Now Graham has brought together the words and thoughts of 50 Cumbrian men and women involved in the crisis, in all sorts of ways, and has turned them into a book called Foot and Mouth:Heart and Soul. The first edition sold out in a matter of days, but it is being reprinted.
Dip into any page and the enormity of it all slams home. Pamela Brough, an Ulverston-based writer who for many years ran a small hill farm in the Derbyshire Peaks, tells of a slaughterman who was finding it "hard to cope" with the mass killing. He talked, she said, of having standards, of respecting the animals and of giving them a "decent death".
Andrew Humphries, a well known figure in Cumbria, has been a teacher and adviser to local farmers for more than 30 years, and ran a helpline during the crisis. He reflects: "Babies were born and could not be shared with families.
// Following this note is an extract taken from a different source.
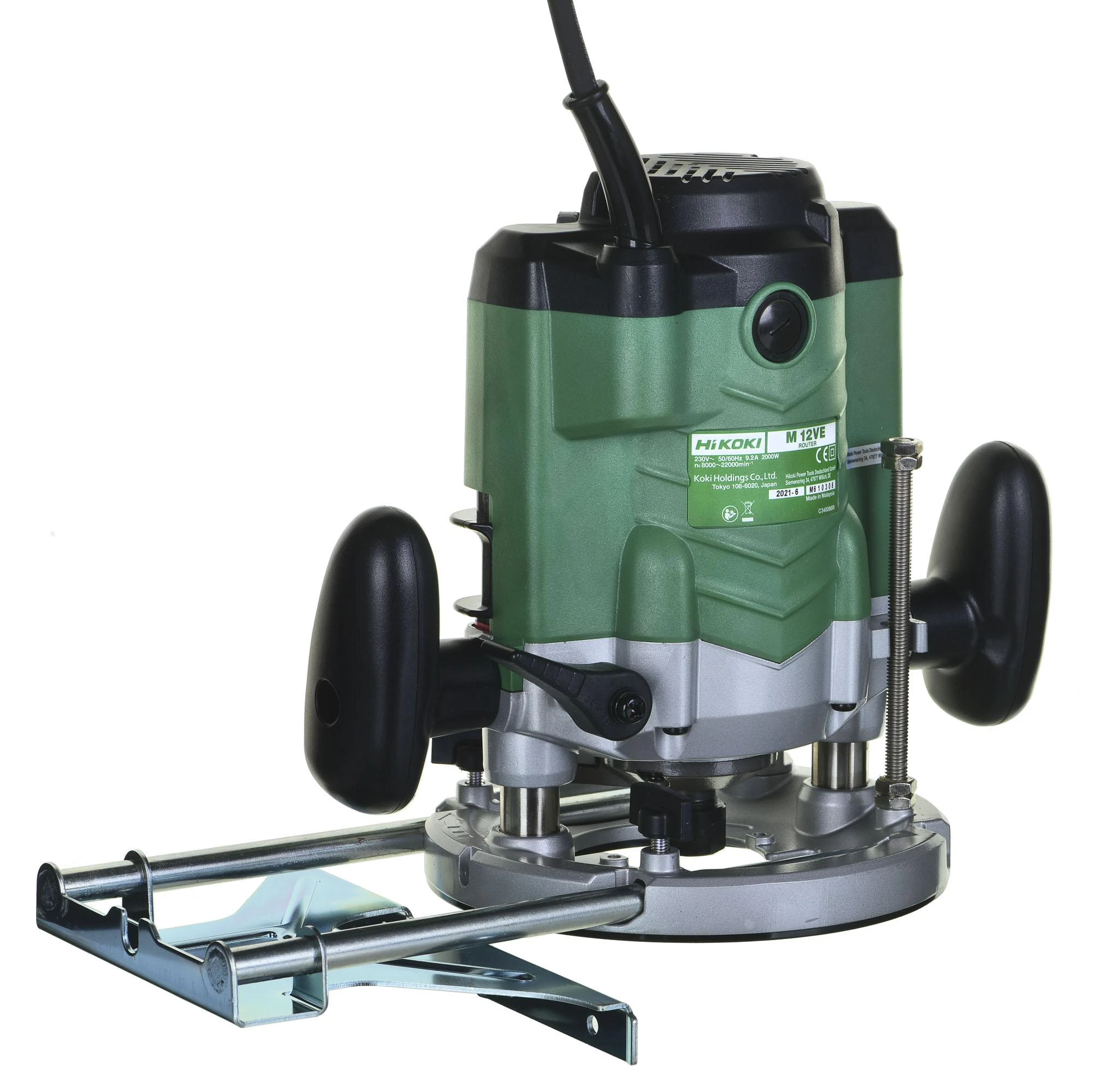 HIKOKI vertikali freza 2000W M12VE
People died and could not be laid to rest in their own burial ground. Children and students were separated from parents and from education."
In statistical terms, Cumbria suffered the worst of the crisis, while Derbyshire had just a handful of cases in the south of the county. But Derbyshire, like Cumbria, is a sheep county and a destination of tourists. Suddenly, for months on end, the movement and marketing of livestock - and the movement of people - was all-embracingly stringent. The county's biggest agricultural shows, important events for social as well as farming reasons, went ahead - but without animals. Livestock markets are still closed, but due to reopen next month.
The movement of animals remains complicated and there is anger at what the farmers see as the "invisible bureaucrats". Unknown numbers of farmers have been financially crippled by the crisis; and the impact on tourism, in a county which in good times is visited by almost 22m people a year, spending well over £500m, has been huge. Most recently, it was announced that the countryside agency and Derbyshire county council were giving limited financial backing - £93,000 - to a number of schemes to refurbish the tourism infrastructure.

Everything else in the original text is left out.